Date of this Version

1995

Document Type

Article

Citation

Licensure Testing: Purposes, Procedures, and Practices, ed. James C. Impara (Lincoln, NE: Buros Institute of Mental Measurements, University of Nebraska-Lincoln, 1995).

Comments

Copyright © 1995 by Buros Institute of Mental Measurements. Digital Edition copyright © 2012 Buros Center for Testing.

Abstract

New technologies continue to emerge each year, and influence testing practices. In particular, in the last 10 years the personal computer has evolved from a curious and minimally useful tool to an indispensable partner in many certification and licensure testing programs. It is involved in every aspect- including candidate scheduling, test assembly, test administration, test scoring and analysis, and score reporting. Initially, it is used to determine the content to be included in the job analysis instrument, and later, to analyze the returned surveys. After the job analysis is completed and test specifications prepared, it can be used to bank test items written to the specifications. Assembly of test forms, and typesetting of final copy prior to printing can be expertly accomplished. When paired to an optical mark reader scanner, it can be used to score and analyze tests. As an alternative to paper-and-pencil test delivery, items can be loaded onto a computer and administered in a variety of alternate forms and can provide instantaneous feedback to candidates. Likewise, score reports can be prepared and mailed to candidates using information stored in the candidate database.

As the personal computer has gained in power, it has had significant impact on the psychometric practices of testing. Statistical packages written for the "PC" platform are now as powerful as their mainframe counterparts. This has increased the accessibility of resource hungry technologies such as Item Response Theory (IRT) , making them available to many more individuals than those at universities and large testing companies. In turn, this availability has stimulated the research on new technologies, and encouraged their transition from " ivory tower" applications to real world, applied testing environments. Although the transition has not been totally painless, the initial trepidation has been overcome, and many organizations are beyond "testing the waters." They are in the operational mode of running IRT and classical psychometric test analyses concurrently. In this chapter, I will discuss what I consider to be the most significant of these technologies, as they relate to the major areas of testing, and attempt to forecast their impact on several areas of licensure testing practices throughout the 1990s.

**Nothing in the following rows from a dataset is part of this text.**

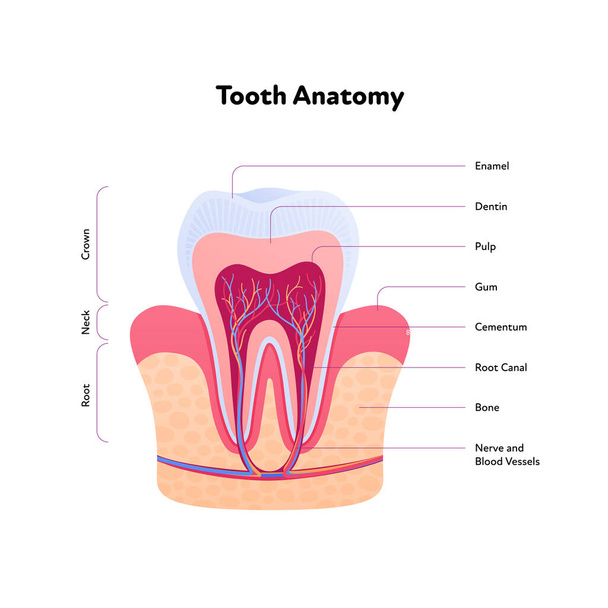 Anatomia dentária. Ilustração biomédica vetorial. Seção transversal com texto isolado em fundo branco. Estrutura dentária interna. Design para cuidados de saúde, odontologia - Vetor, Imagem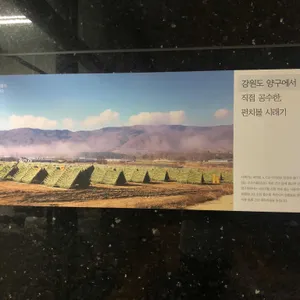 시래기 담다 리뷰 사진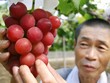 Nho hồng ngọc của nông dân Nhật Bản. Ảnh:CNN.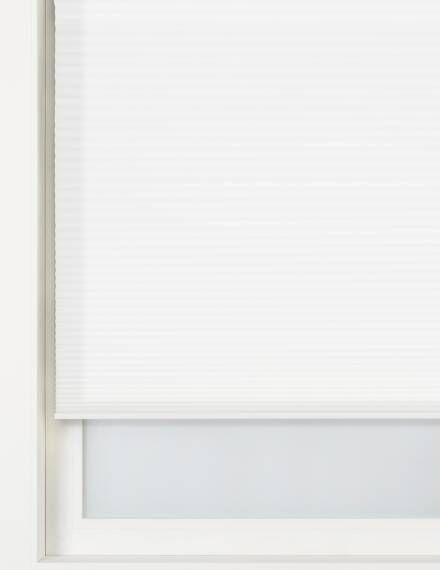 HEMA Plissé Dubbel Lichtdoorlatend/Gekleurde Achterzijde 32 Mm Wit(wit )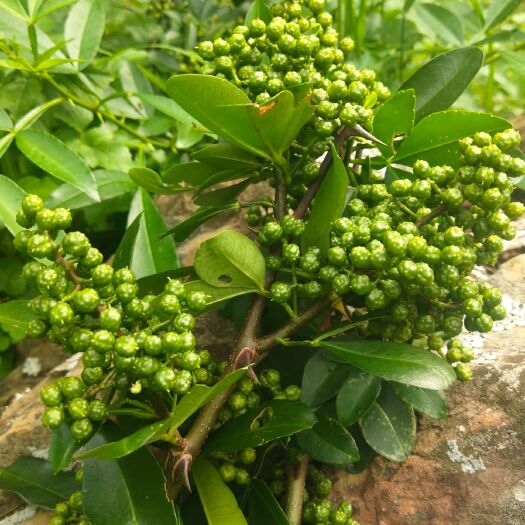 永胜县 特级云南青花椒，有要的老板欢迎骚扰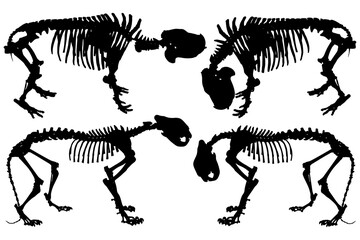 Animals skeleton silhouettes set. Clip art on white background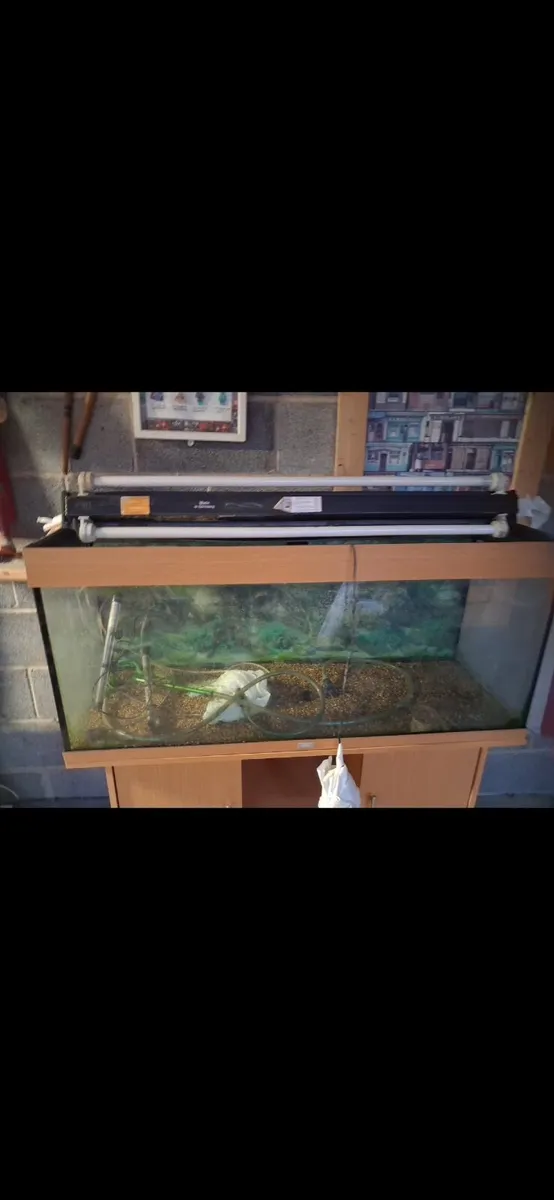 Fish tank - Image 1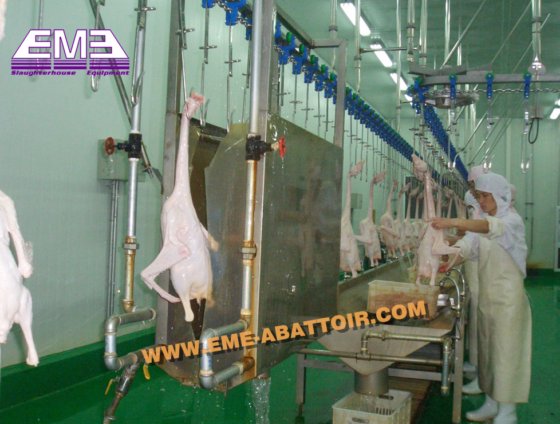 鶏とアヒルの胴体洗浄装置、家禽の胴体を洗浄するための slaughter equipment
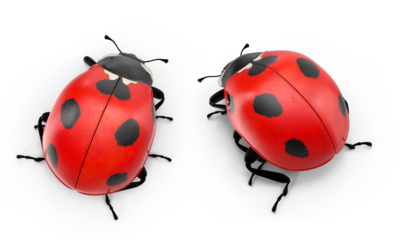 ladybug on transparent background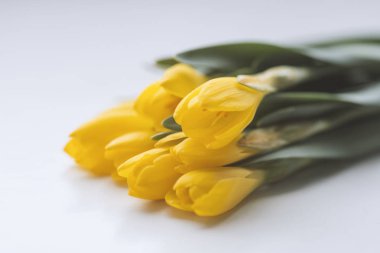 Sarı kapalı çiğdemler grup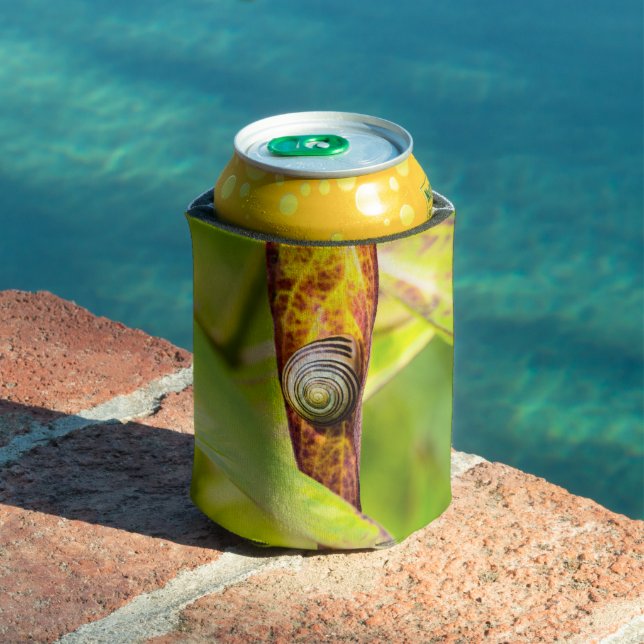 Porta-lata calma (Piscina in situ)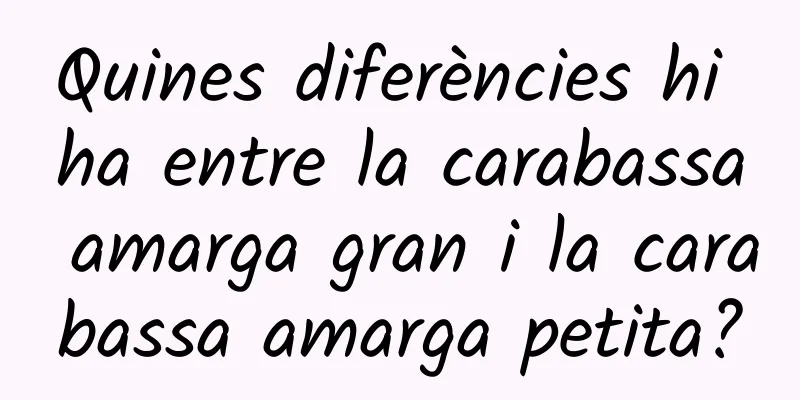 Quines diferències hi ha entre la carabassa amarga gran i la carabassa amarga petita?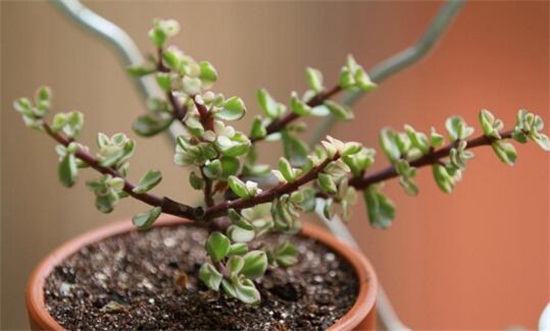 雅乐之舞粉色如何保持,四要点让雅乐之舞粉保持粉嫩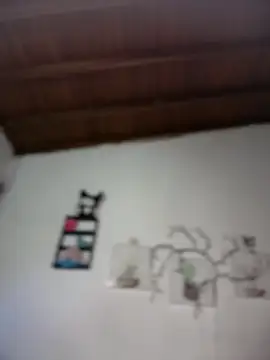 Solaangel  online show from February 10, 2026, 12:04 am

JOB ANALYSIS AND TEST SPECIFICATIONS

Job analysis is the initial step in any well-designed licensure testing program. The purpose of job analysis is to identify the content to be included on the examination, commonly referred to as test specifications, thereby establishing content validity. A typical procedure includes the development of a sufficient number of task and/or knowledge/skill/ability (KSA) statements that totally describe the important job activities. These statement are then subjected to evaluation by a group of job experts in which the most important activities are identified through a rating process. The rating results are used to develop test specifications the content areas to be covered on the examination and their relative emphasis. A common procedure involves a committee of job experts making rational decisions about the structure and relative weighting of the content. For example, the structure may be defined as three major content areas, and the relative weighting may be 20% for Content Area I, 35% for Area II, and 45% for Area III.

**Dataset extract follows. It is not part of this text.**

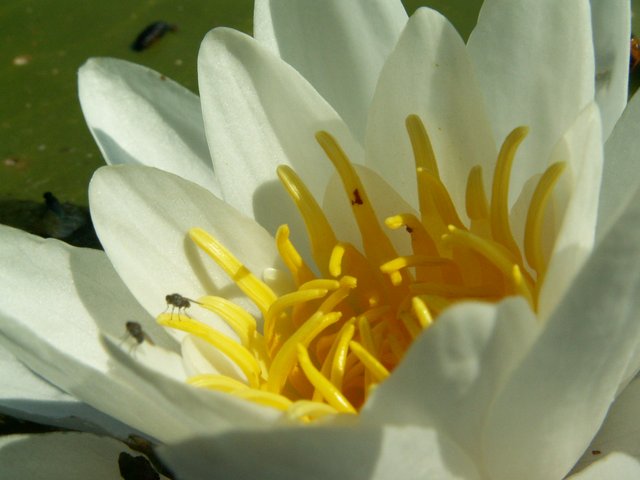 PICT0079.JPG
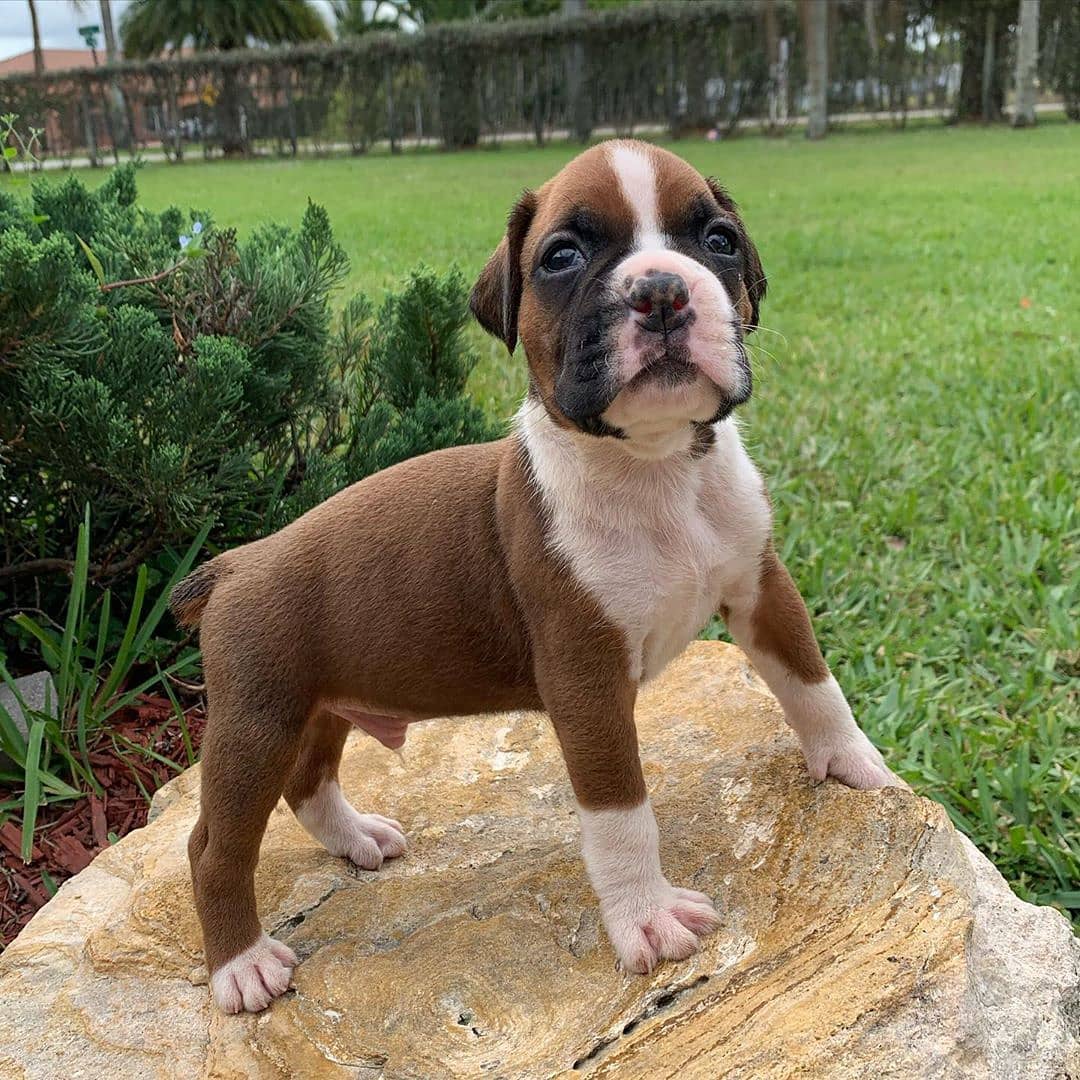 boxer puppies for sale near me boxer puppies for sale near me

Several methods exist for making these determinations statistically. However, not all have a sound empirical basis. Specifications are sometimes determined by initially combining several rating scales together for each activity statement to determine a "criticality value." For example, in a job analysis study of law enforcement special agents, Sistrunk and Smith (1982) calculated a "Task Importance Value" by multiplying the difficulty and criticality ratings together and then adding the time spent rating to this product. Test section weights are sometimes calculated by summing individual criticality values for all task/KSA statements determined to be in that section. Although this procedure may have intuitive appeal, it has no more statistical basis than the rational approach described earlier. Although both rational and empirical procedures may yield the same results, it has been my experience that a carefully conducted rational judgement procedure produces very usable test specifications.